Suite à l’élimination de l’Allemagne au premier tour de la Coupe du Monde, de nombreux spécialistes du ballon rond ont cherché la petite bête pour expliquer ce retentissant et inattendu échec sportif. Alors que de multiples analyses tactico-sportives ont été relayées dans la presse européenne – notamment au sujet des déséquilibres provoqués par des milieux axiaux un peu trop joueurs – d’autres facteurs plus structurels ont également été mis en évidence.

Dont notamment le déséquilibre géographique dont souffre la Nationalmannschaft. En effet, parmi les 23 joueurs convoqués par Joachim Löw ; seulement un élément est né en ex-RDA. Il s’agit du milieu de terrain défensif du Real Madrid, Toni Kroos. Et l’exemple n’est pas vraiment parlant : le joueur a quitté l’ex Allemagne de l’Est à 16 ans pour rejoindre… le centre de formation du FC Bayern.

Un héritage difficile à porter

Pourtant, cette sous-représentation des joueurs issus de l’ex-RDA n’a pas toujours été de vigueur depuis la réunification.
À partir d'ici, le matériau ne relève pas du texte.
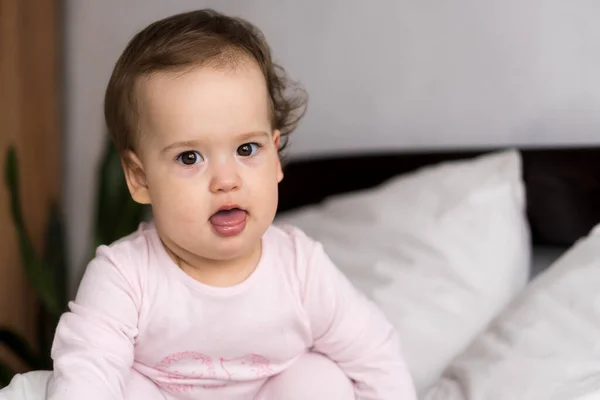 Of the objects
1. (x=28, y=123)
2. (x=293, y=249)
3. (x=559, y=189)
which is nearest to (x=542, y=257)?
(x=559, y=189)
Ainsi, lors de l’édition 2002 de la Coupe du Monde – édition au cours de laquelle l’Allemagne s’est hissée en finale de la compétition face au Brésil – seulement 9 éléments des 20 joueurs de champ étaient nés en Allemagne de l’Ouest. Un équilibre quasi-parfait qui permettait également de mettre en valeur les « produits » formés par les clubs issus de l’ex-RDA.

Mais la situation s’est depuis profondément déséquilibrée. En effet, les joueurs intégrant les premières sélections suite à la réunification ont été formés dans des clubs de RDA qui bénéficiaient encore d’importantes subventions en provenance de l’Etat. Des subventions qui ont permis pendant longtemps aux clubs de la RDA d’entretenir un bon niveau de compétitivité. Le FC Magdeburg a notamment remporté l’édition 1974 de la Coupe des Coupes.

Le passage brutal d’une économie socialiste au monde capitaliste au début des années 1990 a profondément chamboulé les grands clubs de l’ex-RDA. Des clubs qui ont été d’autant plus déstabilisés quelques années plus tard par l’arrêt Bosman.

Alors que les clubs d’Allemagne de l’Ouest avaient pris pour habitude de développer leur modèle économique à partir de fonds privés, les clubs est-allemands n’ont pu transformer leur modèle. Résultat : aucun club d’Allemagne de l’Est n’est parvenu à maintenir une présence continue en Bundesliga 1. Et les fonds accordés à la formation ont diminué drastiquement !

« D’un seul coup, nos clubs ont été privés de subventions. Et nous n’avions aucune idée de comment gérer une entreprise dans un monde capitaliste » avait alors tenté de justifier à l’époque Detlef Krauspe, ancien patron du Sachsen Leipzig. « Les clubs de l’Allemagne de l’Est n’ont que des petits partenaires dans leur portefeuille de sponsors. Ils n’offrent pas assez de garanties dans la durée » expliquait ainsi au début des années 2010 Georg Moldenhauer, patron emblématique de la Fédération du Nord-Est Allemand (NOFV). Un constat qui contraste avec les clubs de l’ex-RFA, qui ont su bâtir d’étroites stratégies de développement avec les grosses entreprises de leur territoire.

La lueur RB Leipzig ?

Cette absence des clubs d’Allemagne de l’Est aux premières places de Bundesliga a pris fin dernièrement avec le RB Leipzig. Modeste club de la banlieue de Leipzig « racheté » en 2009 par l’entreprise Red Bull – en jouant sur les règles en matière d’actionnariat en place dans le football allemand – la firme de boissons énergétiques est parvenue en moins de 10 ans à propulser son club en Champions League !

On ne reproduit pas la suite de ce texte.